Underwriting in an Age of Uncertainty: Why Human Judgment Still Matters
There’s a saying in the mortgage world, borrowed from the Eagles’ Hotel California: that you can check out any time you like, but you can never leave. For many of us, that lyric isn’t just clever; it’s autobiographical. I’ve tried to step away from mortgage lending more than once, yet the industry always calls me back. Maybe it’s the complexity, maybe it’s the mission, or maybe it’s something deeper: the fact that underwriting still sits at the intersection of data, risk, opportunity, and human stories.

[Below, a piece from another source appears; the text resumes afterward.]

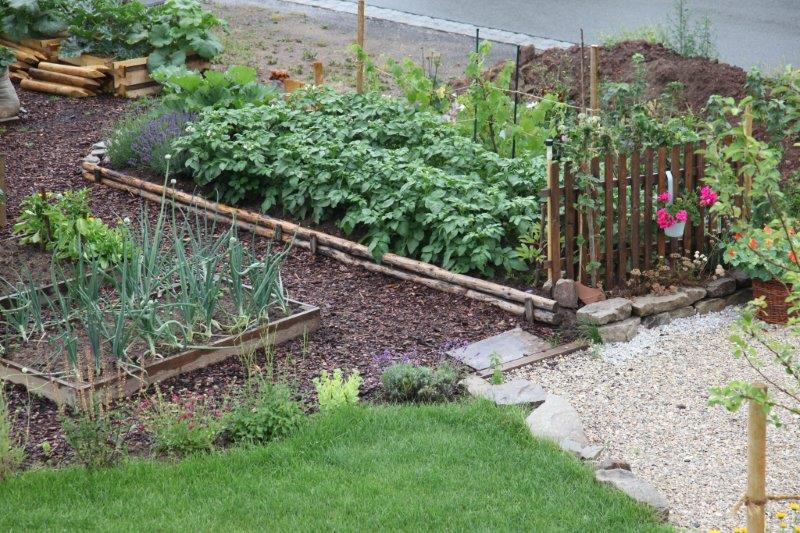 Kartoffelbeet in Doris' Gemüsegarten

Today I lead underwriting at Fairwinds Credit Union in Florida, where we lend across much of the country and are preparing to reach all 50 states. Before this, I spent years in IMBs, big banks, non-QM shops... long enough to go toe-to-toe with anyone on mortgage war stories. And yet, after all these years, I remain passionate about the core work of underwriting. At its heart, it’s a puzzle. Every file has a narrative; every borrower has a context; every deal requires balancing risk with possibility. It’s always easier to say no, but it’s far more meaningful to find a responsible way to say yes.
In a housing market defined by volatility, scarcity, and accelerating innovation, underwriting is becoming more central, not less, to the future of homeownership. But for lenders to adapt, we must confront a set of barriers and rethink the role underwriting plays in helping the next generation of borrowers access homeownership in new and unconventional ways.

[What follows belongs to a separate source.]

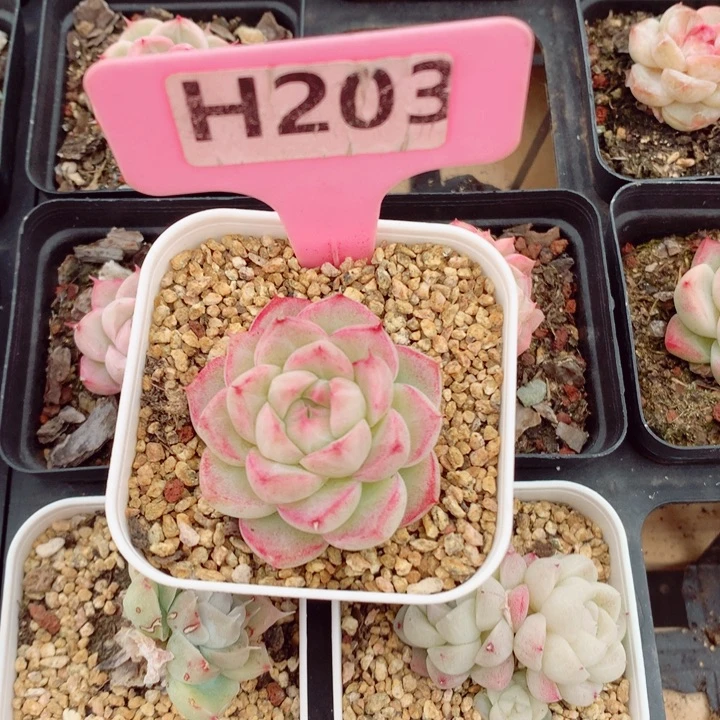 福利多肉植物3.5cm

Why Underwriting Change Is So Hard
People often ask: If lenders know the market is changing, why don’t underwriting guidelines change faster?
The answer, unsurprisingly, starts with regulation. Any guideline shift must still comply with federal and state frameworks, and these processes rarely move at the speed borrowers (or lenders) would like. In a world where consumers expect near-instant everything, underwriting remains one of the few domains where deliberation still matters.
Operational barriers add another layer. Systems must be updated, workflows re-engineered, teams retrained, and quality controls reassessed. And hovering above everything is the fear factor: no lender wants to loosen guidelines only to face higher defaults or costly buybacks. So yes, change happens. But it happens thoughtfully, not recklessly.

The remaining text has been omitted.